As David put it in his piece:
(David also said precisely what needs saying about the only slightly less disappointing decision to limit the length of the Oscar ceremony to three hours by handing out “smaller” awards during commercial breaks and then showing edited versions of the acceptance speeches.)
But I’d like to suggest another downside to the new award that, while slightly more nebulous, could prove more pernicious still: its effect not on Academy voters, but on filmmakers themselves. Here’s the thing: The director of an animated movie knows he or she is making an animated movie. Likewise, the director of a foreign-language film or a documentary. The categories aren’t fungible in any meaningful sense. But whatever benchmark the Academy sets for a “popular film”—it hasn’t yet announced its criteria—it will be eminently fungible and, by definition, determined by audience response as much as directorial intent.
To put it another way: Christopher Nolan never asked himself, “Should I do Dunkirk as an animated movie in order to increase my odds of winning an Oscar?” Get Out ’s Jordan Peele never wondered whether he might be better positioned if he filmed his movie in French. But in the future, directors with movies such as theirs, which straddle the Best Film and Popular Film categories, will face just such decisions. If I’m a long shot for Best Picture, maybe I should just dumb my movie down a little and aim for best popular film? There will be all kinds of new cinematic arithmetic in play. Which is worth more? A bit more highbrow critical praise or an extra $40 million at the box office? Is it more important that a movie be really good or really popular?

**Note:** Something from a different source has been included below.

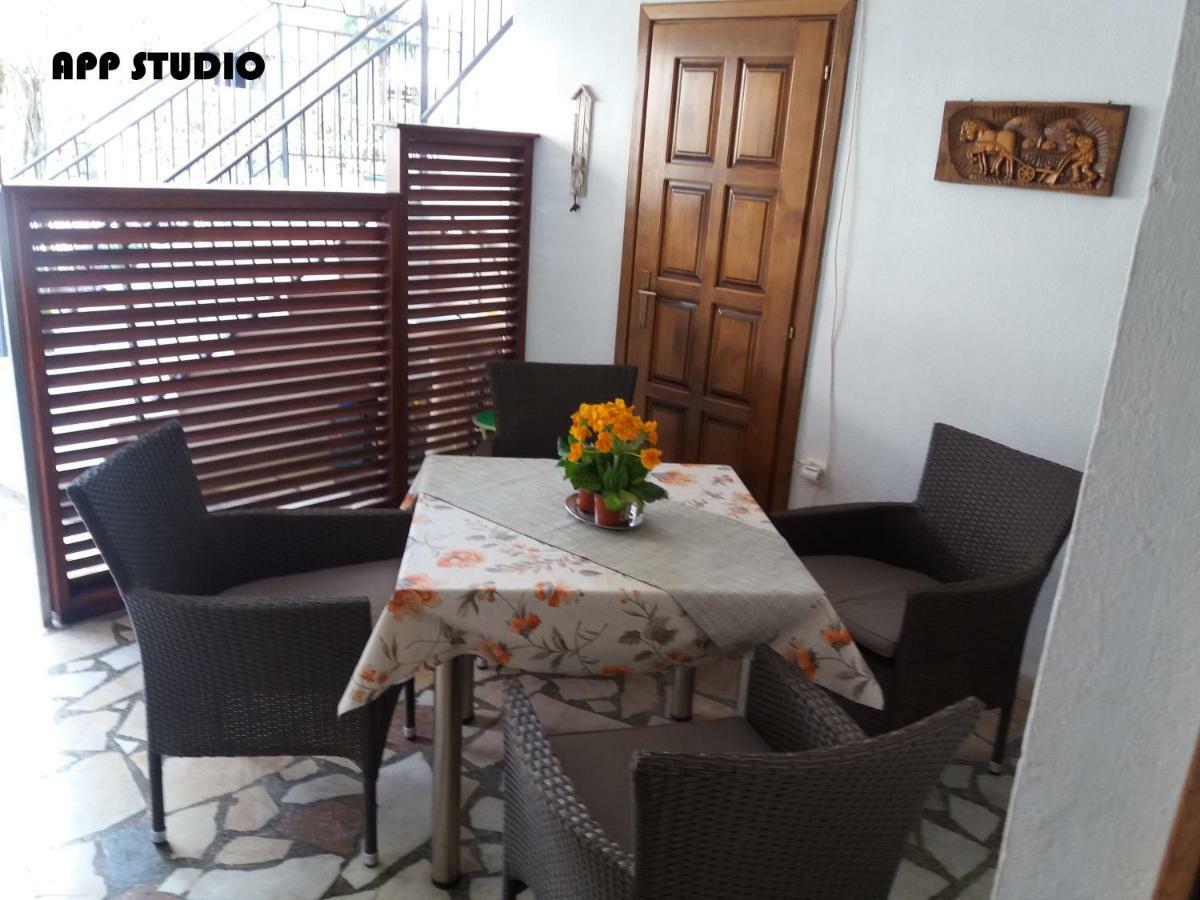 Apartments Nives Пореч Екстериор снимка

These sorts of calculations exist already, of course. But the Academy’s new award will turbo-charge them. And that’s to say nothing of the incentives that will emerge once the Academy announces its criteria for what makes a movie “popular.” Say it’s a threshold, as David suggests, of $100 million at the box office. Is the Academy really going to bar a movie that makes $98 million? $96 million? Will studios launch frantic last-minute PR campaigns to get their films over whatever arbitrary threshold the Academy sets? Stranger still, if a studio has what it believes to be a strong Best Picture contender, will it pull the PR plug early—or even remove the movie from theaters—to prevent it from potentially being ghettoized as a “popular” film? We have already seen plenty of occasions in which studios have lobbied to put “lead” acting performances into the “supporting” category, and vice versa, to improve their odds. This new trophy invites exactly the same kind of venue-shopping for “best” and “popular” Oscars.
I’m not saying that all of these sorts of machinations will take place. But none strikes me as particularly improbable. And they seem like precisely the kind of unintended consequences that arise from poorly thought out, short-term responses to problems—in this case, the Academy’s perceived aversion to money-making films—that don’t actually exist.
The “popular film” category will almost certainly prove to be a mistake—and one that will probably be self-evident as soon as next year’s voting gets underway. I’d put the over-under on how long the category lasts, at least without significant revision, at three years.